Panama Papers: Mossack Fonseca leak reveals elite’s tax havens

A huge leak of confidential documents has revealed how the rich and powerful use tax havens to hide their wealth.

Eleven million documents were leaked from one of the world’s most secretive companies, Panamanian law firm Mossack Fonseca.

They show how Mossack Fonseca has helped clients launder money, dodge sanctions and evade tax.
The company says it has operated beyond reproach for 40 years and has never been charged with criminal wrong-doing.

The documents show links to 72 current or former heads of state in the data, including the Icelandic Prime Minister, Sigmundur Gunnlaugson, who had an undeclared interest linked to his wife’s wealth and is now facing calls for his resignation.

The files also reveal a suspected billion-dollar money laundering ring involving close associates of President Putin.

Gerard Ryle, director of the International Consortium of Investigative Journalists (ICIJ), said the documents covered the day-to-day business at Mossack Fonseca over the past 40 years.

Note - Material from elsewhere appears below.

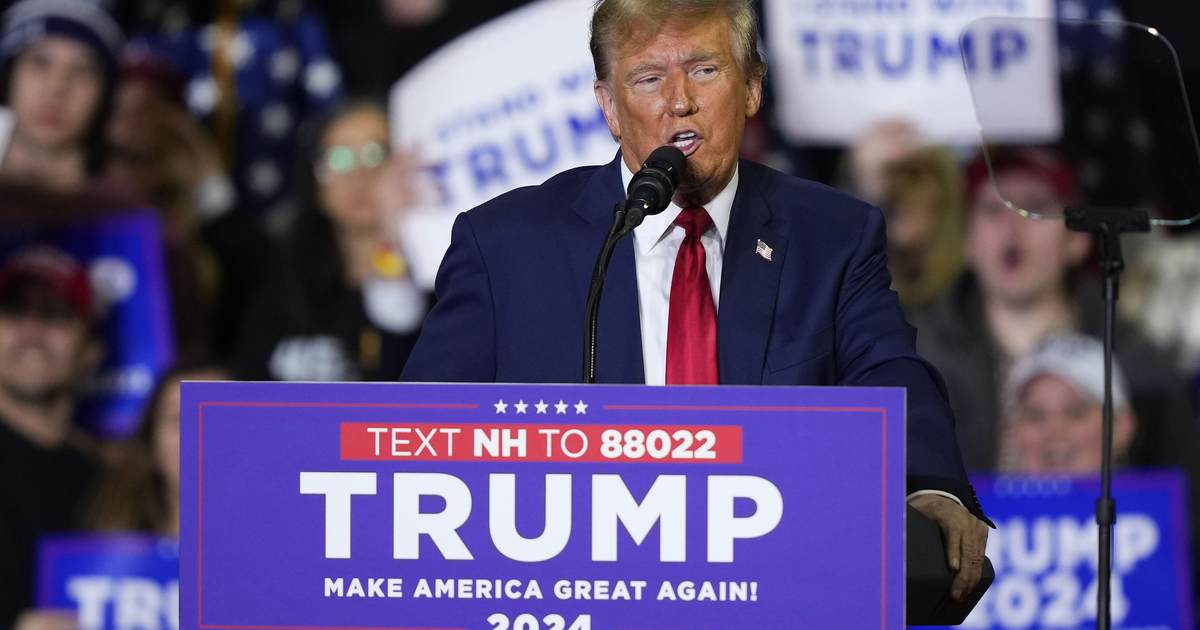 Retired Republican Judge Argues Trump Should Not Appear on Illinois Primary Ballot - Vimarsana News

“I think the leak will prove to be probably the biggest blow the offshore world has ever taken because of the extent of the documents,” he said.


Russian connection

It also reveals a suspected billion-dollar money laundering ring that was run by a Russian bank and involved close associates of President Putin.

The operation was run by Bank Rossiya, which is subject to US and EU sanctions following Russia’s annexation of Crimea.

The documents reveal for the first time how the bank operates.

Money has been channelled through offshore companies, two of which were officially owned by one of the Russian president’s closest friends.

Concert cellist Sergei Roldugin has known Vladimir Putin since they were teenagers and is godfather to the president’s daughter Maria.

On paper, Mr Roldugin has personally made hundreds of millions of dollars in profits from suspicious deals.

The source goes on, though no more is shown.